The appropriateness of using hospital standardised mortality ratios to judge hospital performance was further questioned this week.
Birmingham University professor of clinical epidemiology Richard Lilford and Peter Pronovost, a critical care and patient safety specialist at Johns Hopkins University school of medicine in Baltimore, argue the figures are “a poor diagnostic test for quality” and “should not be used to calculate excess deaths resulting from poor care”.
They say quality should be measured instead on the basis of selected outcomes – such as blood stream infection rates. They also endorse the health select committee’s recommendation that selected patient care notes should be audited to see if the correct treatment was given.
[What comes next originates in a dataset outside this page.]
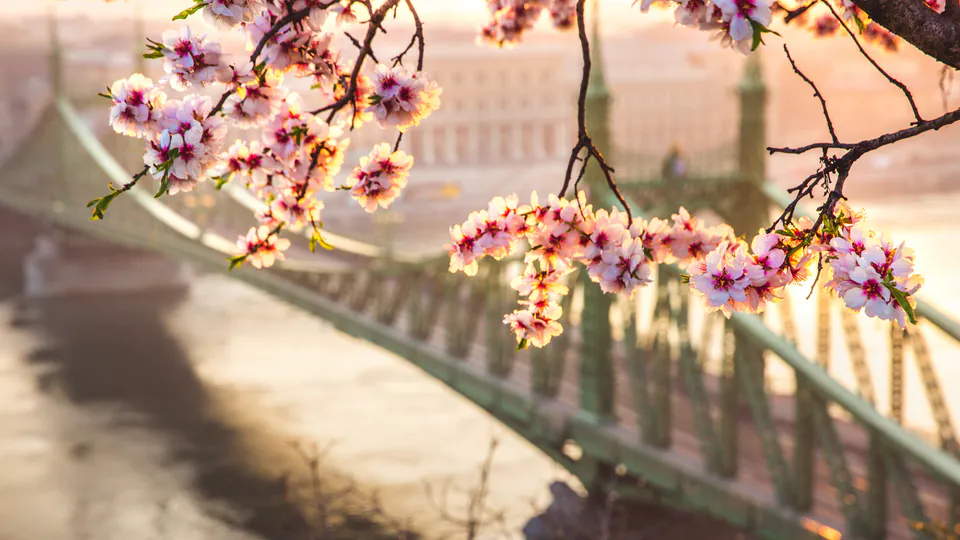 Cherry blossom branches hanging over Liberty Bridge in Budapest during spring sunset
In an accompanying article in the BMJ this week Nick Black, professor of health services research at London School of Hygiene and Tropical Medicine, argues the ratios should be “abandoned”, as they are “not fit for purpose”. He also argues that more specialised measures should be used instead.
The BMJ article comes as healthcare information provider CHKS also publishes research which it says “casts doubt on the stability and uniformity of the data set [used to calculate the ratios] and thereby asks major questions of their suitability for inter-hospital comparisons”.
It says several hospitals whose ratios have reduced have not seen a significant fall in deaths, suggesting the change does not reflect improved care. CHKS will present the work to the Department of Health’s mortality ratios review group, set up to agree a standard methodology and approach.
But the value of the measure has been vigorously defended by other specialists, including Imperial College London emeritus professor Sir Brian Jarman, who developed it and championed its use. It was credited with helping to identify failures at Mid Staffordshire Foundation Trust.